CapROS: Capability-Based Reliable Operating System

Posted by gjvc 13 hours ago

Comments

Comment by mfedderly 12 hours ago

I had the privilege of taking two classes with Dr Shapiro while I was in undergrad. The second class revolved around a related operating system named Coyotos. One of the most memorable classes was a 3 hour session where we worked through the boot sequence step by step [1]. The single lecture helped us all appreciate the delicate dance to bring up an x86 processor, a history lesson in the various features that had been bolted onto x86 over time, and a bunch of helpful debugging tips when your options are limited (it prints "Co" "yo" and "tos" in different stages!).

This was easily one of my most memorable lectures from undergrad, and it really helped to show me that even your operating system is just more software that you can read and understand.

1. https://github.com/vsrinivas/coyotos/blob/c68719b851e253aa11...

Comment by ryanjshaw 9 hours ago

I was a nerdy kid living in the middle of nowhere in Africa. I think we’d had dialup for about 2 years at that, and I emailed him with some questions about how to understand the mathematical notations used in his EROS work. He was very kind and helpful in his response, even though my questions were probably very naive.

Comment by kragen 11 hours ago

Coyotos and CapROS are two continuations of EROS.

Comment by kragen 12 hours ago

Seems like Charlie hasn't been merging pull requests in three years: https://github.com/capros-os/capros

And the list has been idle since then: https://sourceforge.net/p/capros/mailman/capros-devel/

I wonder if something has happened to him? I hope he's okay.

Comment by btilly 12 hours ago

The fact that we went with access control lists instead of true capabilities has long been a disappointment to me.

For people who understand OO, capabilities are the simplest model in the world. You hand out objects. You can call methods on the object. What that method call has access to depends on the permissions on the object, not your permissions. Entire classes of security mistakes (most notably the "confused deputy" become impossible.

The only commercial success that was a true capability system was the AS/400. Not coincidently, single stand alone machines averaged 99.99%-99.999% uptime. And it never had a significant security compromise. (Individual systems did, of course, have problems due to weak passwords and poor configuration.
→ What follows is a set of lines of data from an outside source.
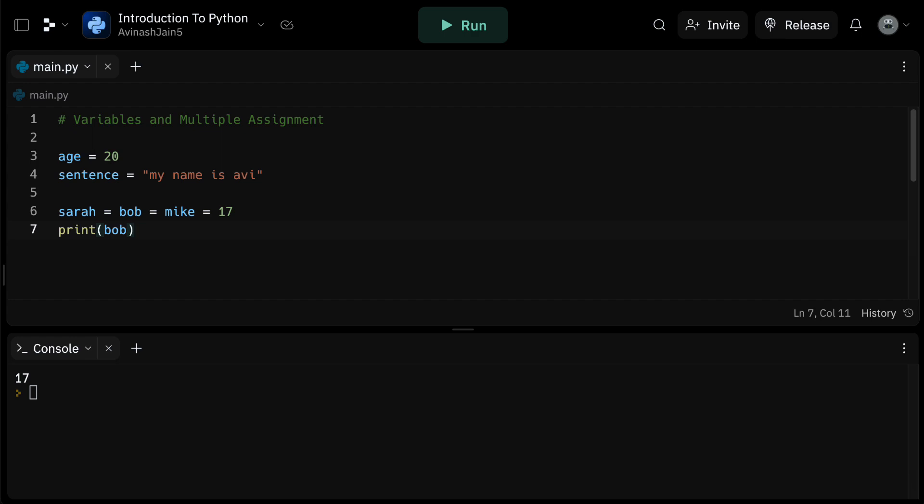Now let's see if you can apply what we've just learned. Try to create two variables in one line, one for your name and another for your age. Remember, your name should be a string, that is in quotation marks, so don't forget to add quotes.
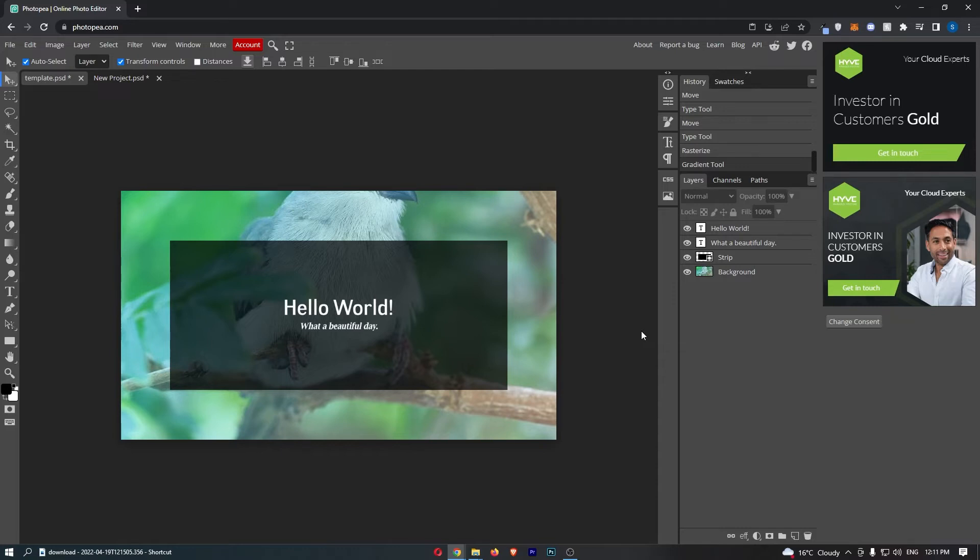To do this, you first want to load up Photopea right here and open up the project that you would like to change the size of.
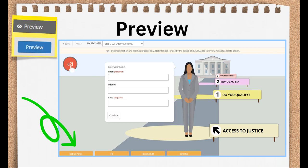Besides the Pages tab, the Preview tab will be where you spend the majority of your time. This lets you see the A2J guided interview as the end user will see it. Plus, it has some awesome testing tools. A crucial step in authoring a self-represented litigant facing interview is testing, so we'll cover that more in depth in Section 4 of this training course. The Preview tab is where you'll do that testing.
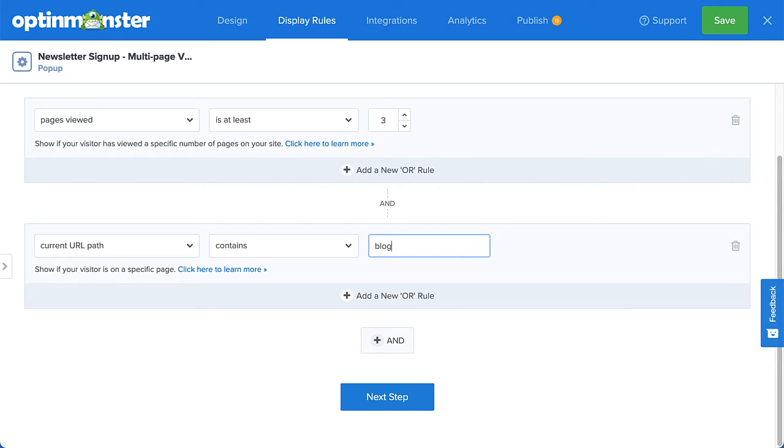Next, since my goal for this campaign is to grow my email list, I'll need to connect OptinMonster to my email service provider, so I'll head over to Integrations.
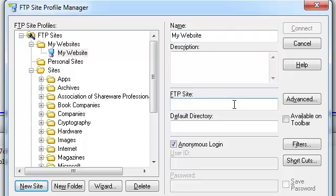For FTP Sites, provide the URL of the server you wish to connect to. In my case, it's a fictitious server located at mydomain.com.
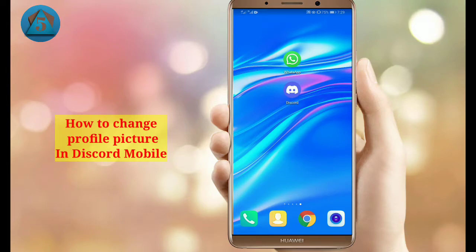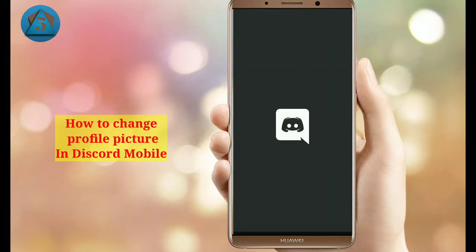In this video I will tell you how to change your profile picture in Discord. Make sure to like this video and subscribe to this channel. Let's get started — first of all, open the Discord application.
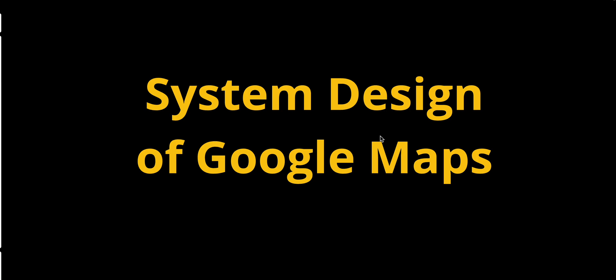Hey YouTube, welcome back! Have you ever wondered how Google Maps helps you find the shortest route, predicts your ETA, or even avoids traffic jams? It's all thanks to a fascinating system design that handles billions of users and countless routes around the globe. Today we are diving deep into the architecture and components that make Google Maps work seamlessly.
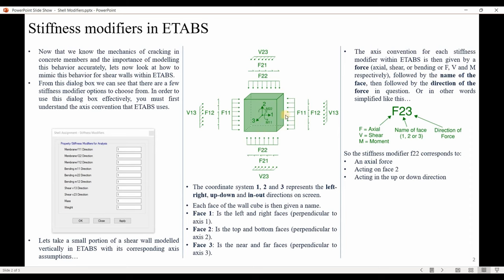This is a shell element with its own local axes — axes one, two, and three. The coordinate system represents: axis one is the left-right direction, axis two is the up-down direction, and axis three is the in-out direction on the screen. Each face of the wall element is then given a name: face one is the left and right faces perpendicular to local axis one; face two is the top and bottom faces perpendicular to local axis two; face three is the near and far faces perpendicular to local axis three.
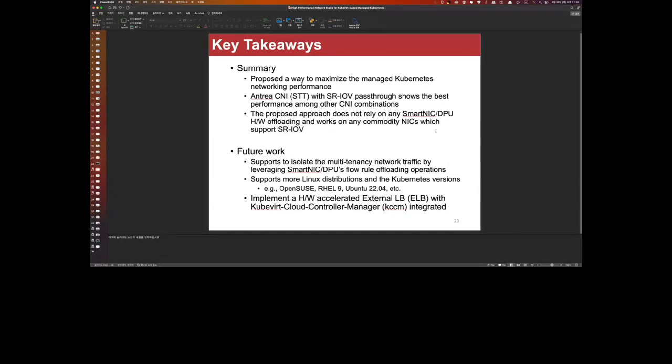Many attendees in chat expressed appreciation and asked if the slides could be shared, as they answered many questions. The speaker agreed to share the slides via the KubeVirt mailing list or by sending them to the moderator to post on Google Drive.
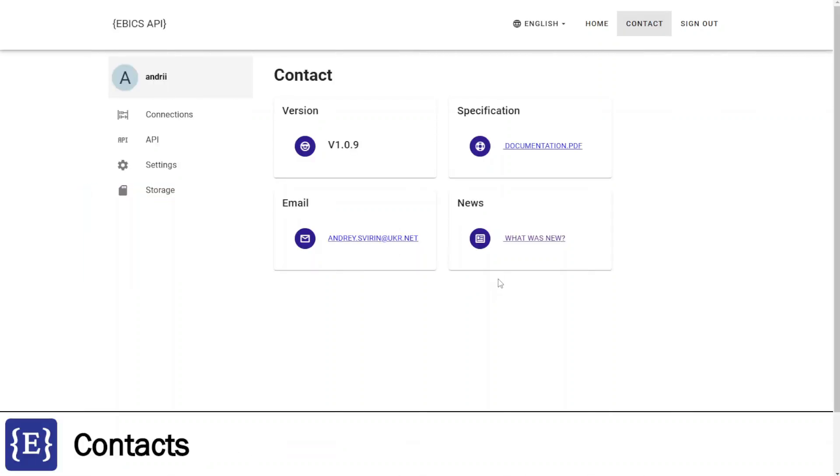You have seen how the EBIX API client can streamline your business operations. Ready to get started? Contact me today to explore how this application can work for you. Thank you for your attention. Bye.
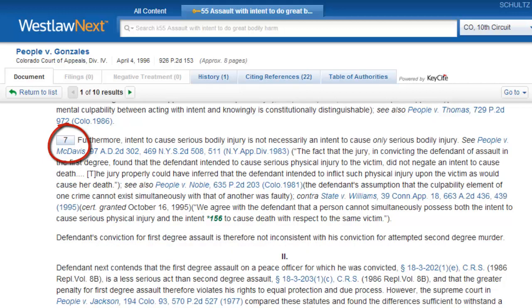That is it for your overview of how to use West key numbers and headnotes in Westlaw Next.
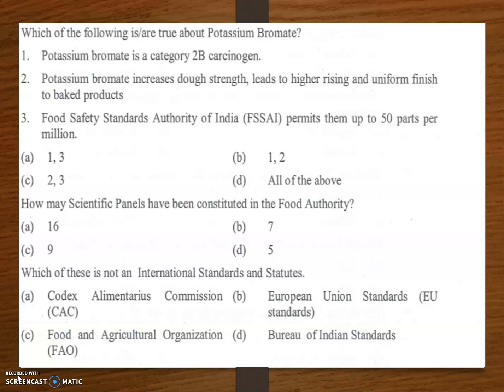How many scientific panels have been constituted in the food authority? The answer is option A — 16. There are 16 scientific panels constituted in the food authority.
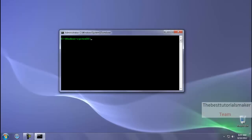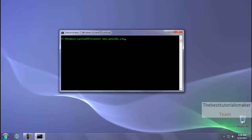Now here you type: tracert www dot the name of the website which you want to trace dot com. For example, I want to trace youtube.com, so I type that. It takes a few minutes so don't worry, it is very easy.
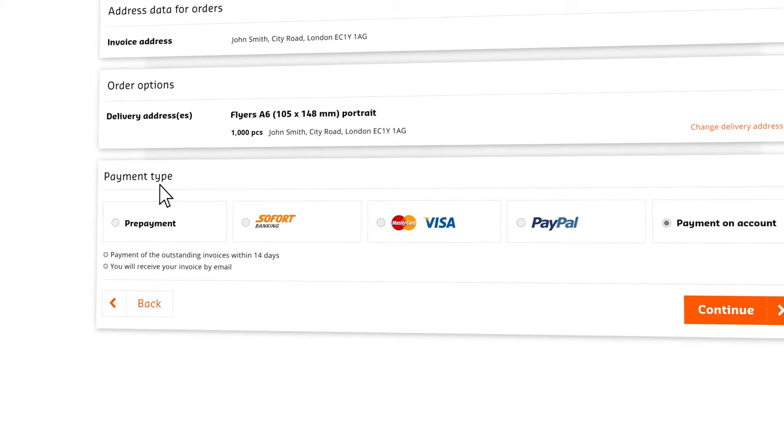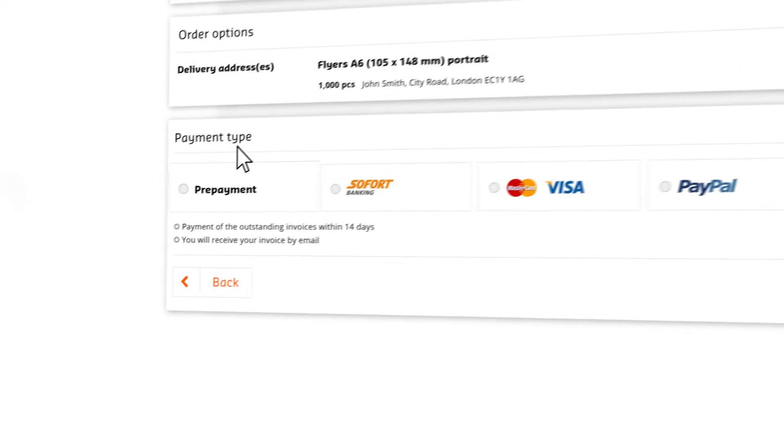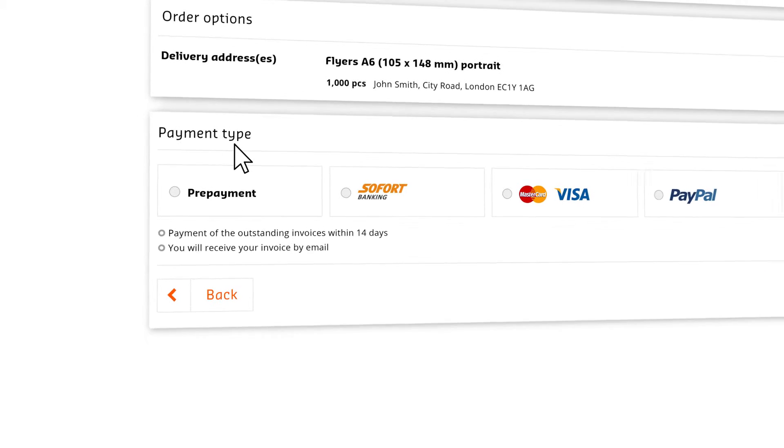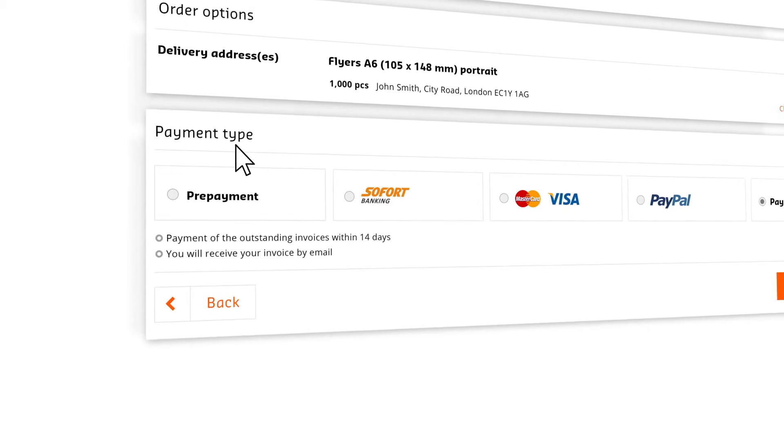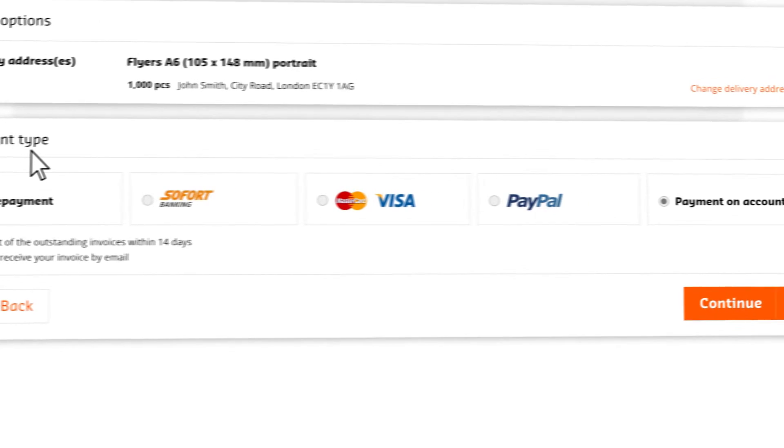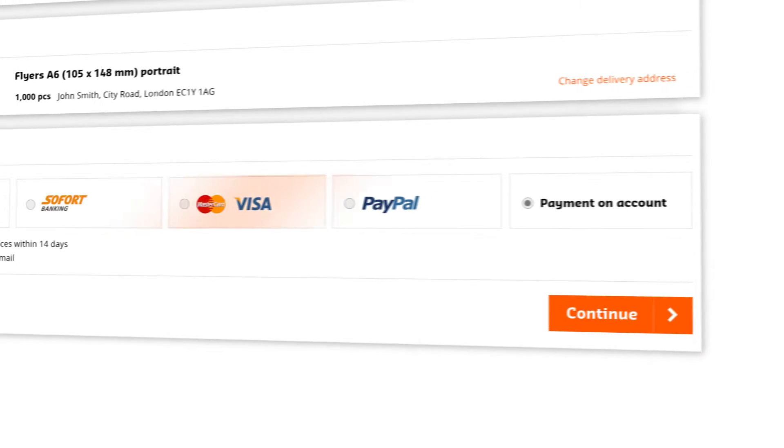In the case of pre-payment, production will not commence until the payment is received, so we would recommend using a different payment option in the case of urgent orders.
But they were still remarkably resistant.

Capability systems work so well that when people wanted to improve security on Linux, they called it capabilities. Even though it wasn't.

Unfortunately, the world went with ACLs. That's baked in to the design of things like Windows and POSIX. Which means that all of the consumer software out there expects ACLs. In order to get them to run on a pure capability system, you have to do things like create a POSIX subsystem. At which point, you've just thrown away the whole reason to use capabilities in the first place.

Comment by Findecanor 8 hours ago

The big problem is that you'd need to be able to change permissions over time. With ACLs that is simple and direct: if you have the access right, you just change the ACL. Traditional capabilities last forever, unless there is some sort of support for revoking already issued capabilities, and those mechanisms tend are far from straightforward.

Some systems have revocation as a core feature, but a cascading revocation (every delegation as a branch in a tree, and revoke a whole subtree of delegated capabilities) is often complex and takes time, especially if they are on disk. There have also been protocols (for EROS-like OS:es) for setting up systems with additional capabilities to revoke individual capabilities but they are even more complex IMHO. So, in most capability systems the only way to revoke capabilities to a resource is to remove the resource itself.

In CHERI, where every pointer is a capability, revocation of capabilities into a memory object relies on what is effectively a parallel garbage collector process that finds all pointers to revoked objects and overwrites them with an invalid pointer that traps on use. [0]

In the fantasy OS of my mind, ACLs have instead been promoted to "access-control trees" that include a "grant option", allowing a user to grant the permission she has to someone else. But once the first user's permissions are revoked, the sub-tree of re-granted permissions get revoked as well. I think that could be achieved with existing file systems ACLs, with added topology info and enforcement by the OS. Then actual capabilities would be created first when a file is opened, as file handles, but unlike Unix file handles they could be revoked, be revoked in a cascading manner, and revoked automatically if the underlying ACT gets changed.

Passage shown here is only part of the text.